I’m glad self-publishing wasn’t an option when I started writing, because young me was desperate for publication and I think I’d probably have decided to self-publish my early stories. But you know what, they weren’t good enough. There was a reason they didn’t get contracted and now I’m glad that they weren’t. I’m not against self-publishing – I have good friends making a great living this way and I read indie published authors who are better than many traditional authors, but I do think too many new writers go this way these days without questioning whether their work is actually ready yet. Whether you’re considering a traditional contract or deciding to indie publish, make sure you’re doing it for the right reasons. You only get one first book!
Sorry, this has been longer than I imagined, but here are my takeaways:
Write because you can’t not write.
Write the kind of book you love to read, not the book you think you SHOULD write or might make you money.
Don’t rush. Enjoy the journey.
NB. My first rural romance JILTED didn’t actually end up being my first publication. While I was writing it, I submitted what I call one of my ‘M&B Rejects’ to a new digital imprint, Carina Press and on April Fool’s Day 2011, I got ‘The Email’ offering publication. But it was in rural romance that I finally found my place.

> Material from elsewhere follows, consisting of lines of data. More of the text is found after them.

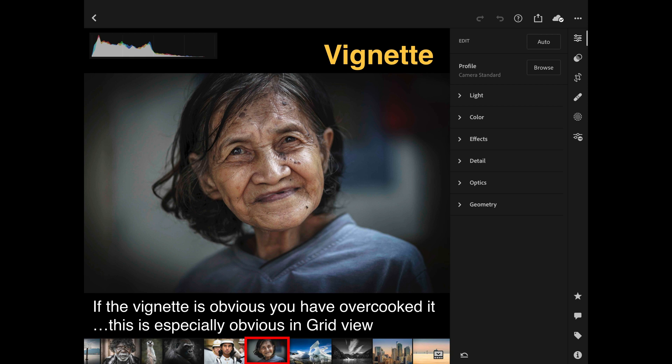Some people fall so much in love with vignette they apply too much, and I certainly notice this on social media forums — the vignette is very obvious. If you're looking at your images in the grid view in small thumbnails and you can see the vignette, there's a very good chance I can see it on your much higher resolution image. So go to your vignette slider, back away from minus 60, come back closer to minus 20, and the vignette will be less obvious while still having the effect you're looking for.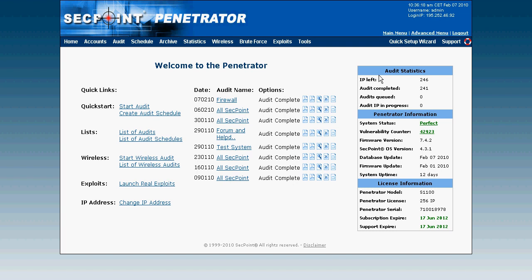On the right side we have audit statistics. We can see how many IP addresses are left on the license, how many audits are completed, system status, the firmware version, and the last update. Basically the license works such that if you have a 32 IP address license, the only limitation is how many concurrent audits you can run. For example, if you start audits of 30 IP addresses you have two left, but when the 30 finish you can do 30 more. You're also allowed to change the IP addresses, so the license is very flexible, especially for consultants or when visiting different customers with different IP addresses.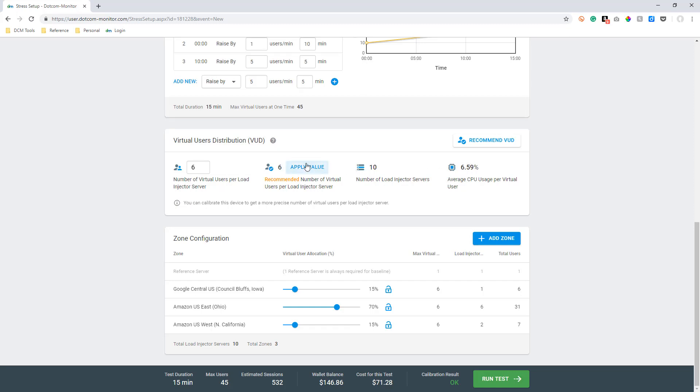Doing this takes the calculation or guesswork out of determining how many resources are needed. You can choose to use the recommended number of virtual users per load injector server, or you can specify how many virtual users you want per injector server on your own.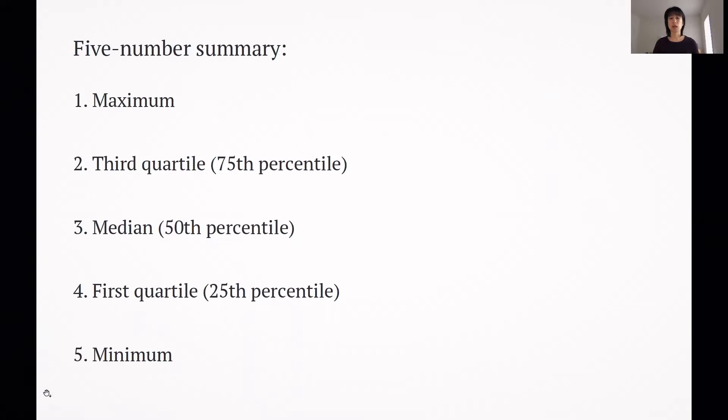Box and whisker plots, or box plots, are a great way to visually summarize the distribution of your data. They can be used to answer questions such as: what is the range of my data, how much variability is there, and is the distribution of data symmetric or skewed?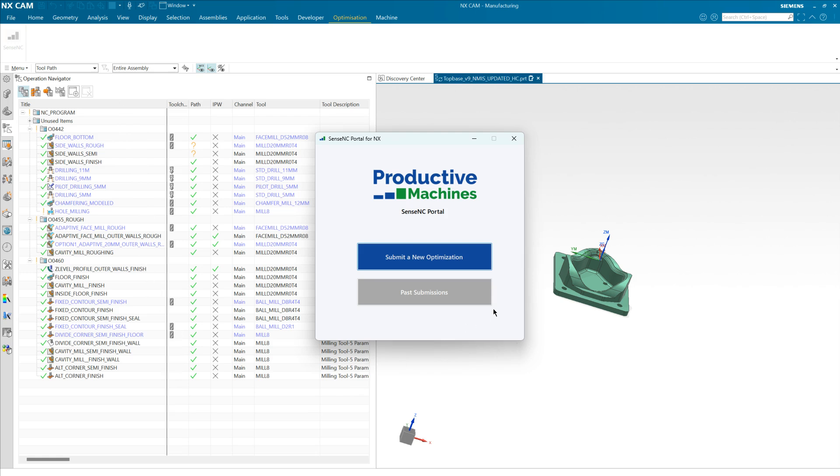The first thing to do is to submit a new optimization and then I'll show you how to import the results of an optimized toolpath once we've done the submission.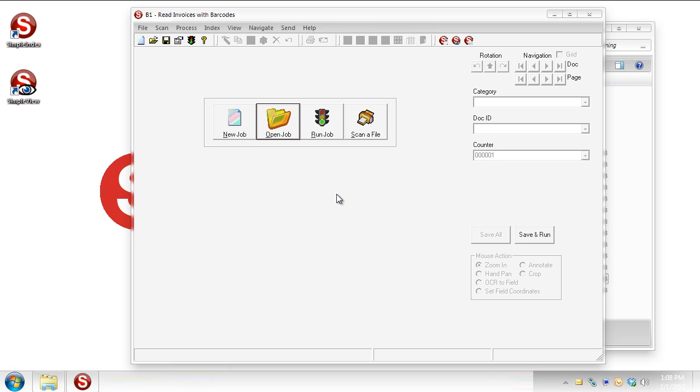Hello once again and welcome to Simple Software University SIM 209. In this video we're going to take a look at using Simple Index in conjunction with a database, which lets you do quite a few different things.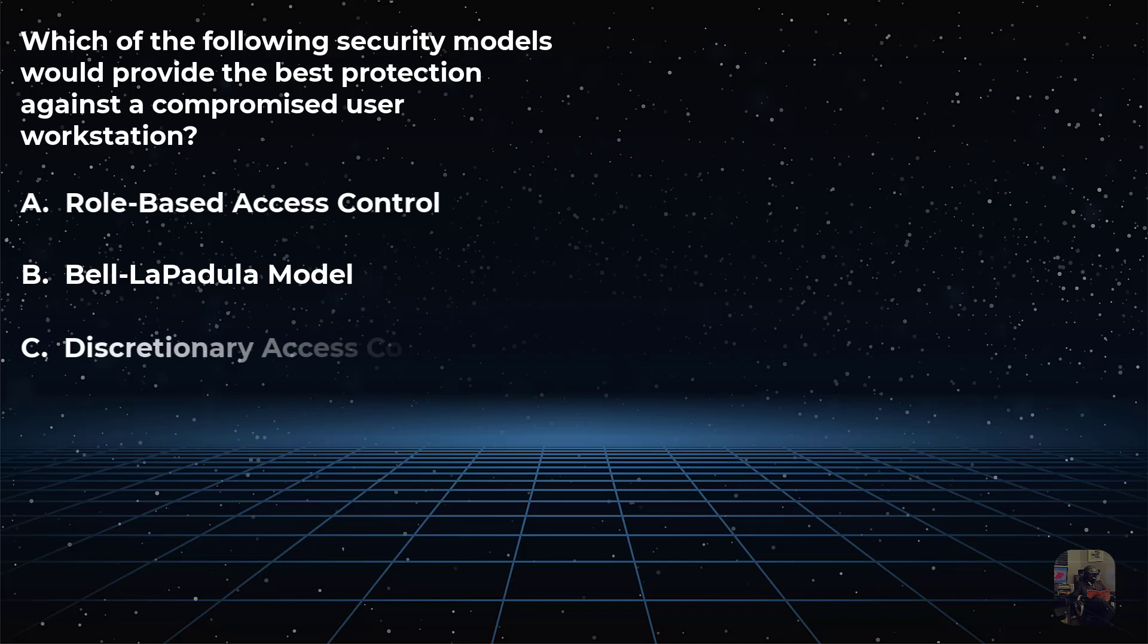Or is it choice C, discretionary access control, which provides a user freestanding permission to assign as many rights and privileges to as many files and objects of their choosing?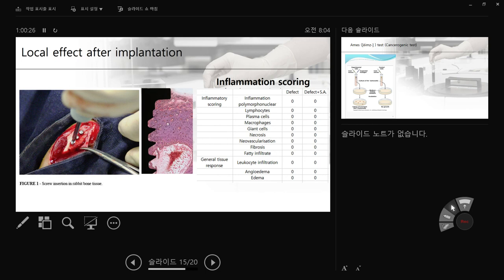Using the same histology images, if you evaluate how bone is formed based on bone area or bone-implant contact line, that is Group 3 — checking efficacy. People normally check inflammatory scoring and general tissue response using histology. Group 2 is only about biocompatibility. So you can generate different data from the same images depending on what you analyze.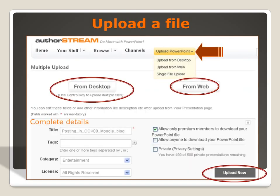Once you've created your account, go to AuthorStream and log in with your username and password. You'll see across the top there's an Upload button. Click on that and select Upload from Desktop. Then click on the From Desktop button and locate the file that you want to upload on your computer. Then complete the details about your PowerPoint presentation — the title, the tags, the category and license, and how you want people to be able to access it. Then click on the Upload Now button.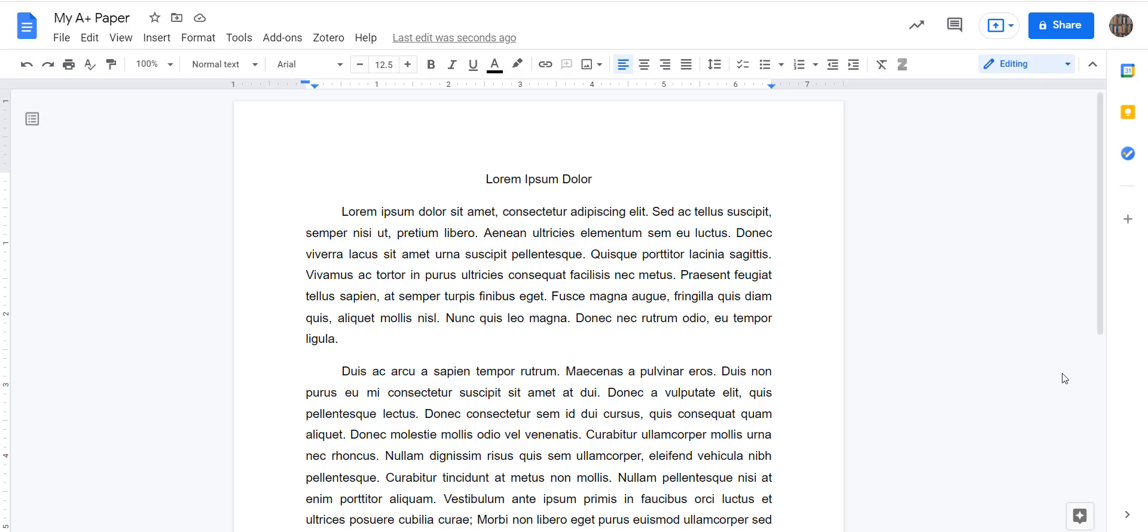All right, once you have a RefWorks account and you've added some references to it, there is an add-on you can use in Google Docs so that RefWorks can work alongside you and help you insert citations and create your reference list.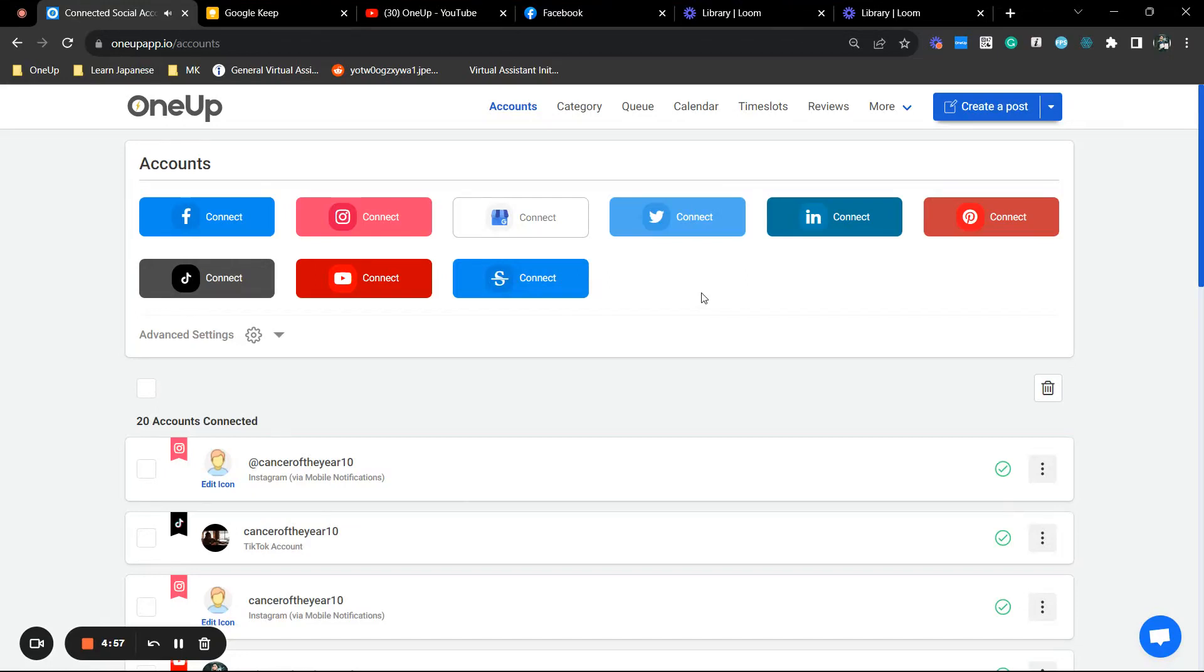Hey guys, JP here from 1UP and in this video I'm going to show you how you can automatically share a Facebook page post to your LinkedIn via 1UP.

Thanks for the post Rachael, as a reader only, I definitely got something out of it too!
Have friends who have said I should try my hand at writing but personally think writers are born not made and never had the urge to take up the pen. I will always be just a devoted and avid reader, plus the fact I've read so many books in my life, pretty sure I'd be plagiarising someone at some stage!
I think some of the new "tiktok" type self-published romantasy "writers" definitely need the eye of a good editor or a bookish friend to have a word but who am I to judge, they seem to be very popular so good luck to them. Although I can't help but think of a quote by Christopher Hitchens (American journalist):-
"Everyone has a book inside them, which is exactly where it should, I think, in most cases, remain.”
😊
Oof, this was also my writing journey. I gave up writing for good after seven years of rejection, and that lasted four months before I started again because I couldn’t stop. Took me three more years before I got a contract though!